If we want to print a string, we should use %s format specifier. If we use %c format specifier, we need to pass the character, not a pointer to the character. This is because %c expects a character, not a string. For example, the following code prints the second character of the string.

Code


#include <stdio.h>


int main(void) {
  char s[] = "Hello";
  printf("%c\n", *(s + 1));
  return 0;
}

10.2.1.2. Using puts#

Another function. There is another function named puts that prints a string to the user. It is similar to printf, but it does not take a format string. It takes a pointer to the first character in the string. It prints the string and a newline character at the end. For example, the following code prints the string Hello to the user.

Code


#include <stdio.h>


int main(void) {
  char s[] = "Hello";
  puts(s);
  return 0;
}

10.2.2. Input strings#

10.2.2.1. Using scanf#

To take a string as input from the user using scanf, we also use %s format specifier, and pass the pointer pointing towards the beginning of the string.
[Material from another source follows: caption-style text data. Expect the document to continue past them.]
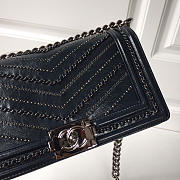 CohotBag chanel wrinkled calfskin dark blue gold hardware - 6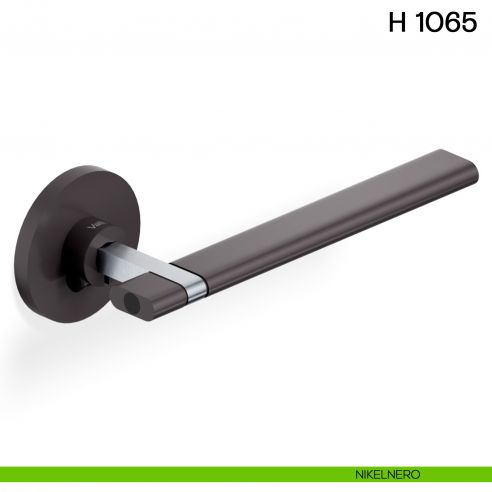 Maniglia per porta H 1065 Valli collezione Lab con rosetta fine nikelnero
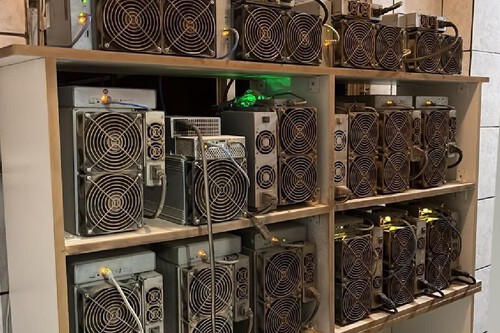 Central clandestina de mineração de bitcoins. Créditos: Polícia Civil do Rio de Janeiro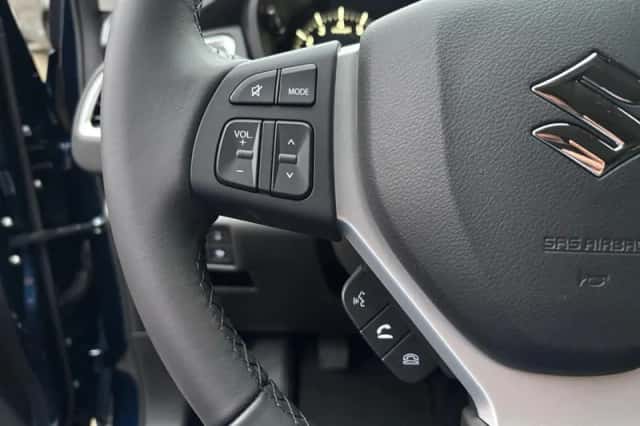Suzuki S-Cross (2025) thumbnail 15
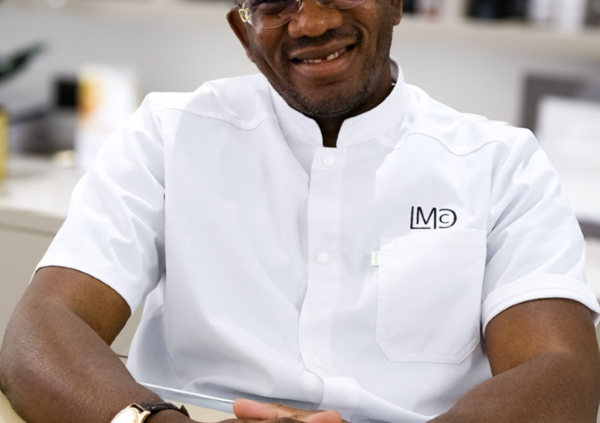 Ma che ci faceva un chirurgo plastico a Sportitalia per commentare la Coppa d&rsquo;Africa? Ecco chi &egrave; Benoit Menye: i social, la specializzazione e il commento in tv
In the following figure, we show an example of taking a string as input from the user.

Scanning a string

For example, the following code takes a string as input from the user and prints it back to the user.

Code


#include <stdio.h>


int main(void) {
  char st[10];
  printf("Enter a string: \n");
  scanf("%s", st);
  printf("s is saved as: %s\n", st);
  return 0;
}

How does scanf work?

  1. scanf will ignore any leading white space.

  2. scanf will then read characters till a white space or endline is encountered.

  3. Good news: scanf will terminate the string with a null character '\0'.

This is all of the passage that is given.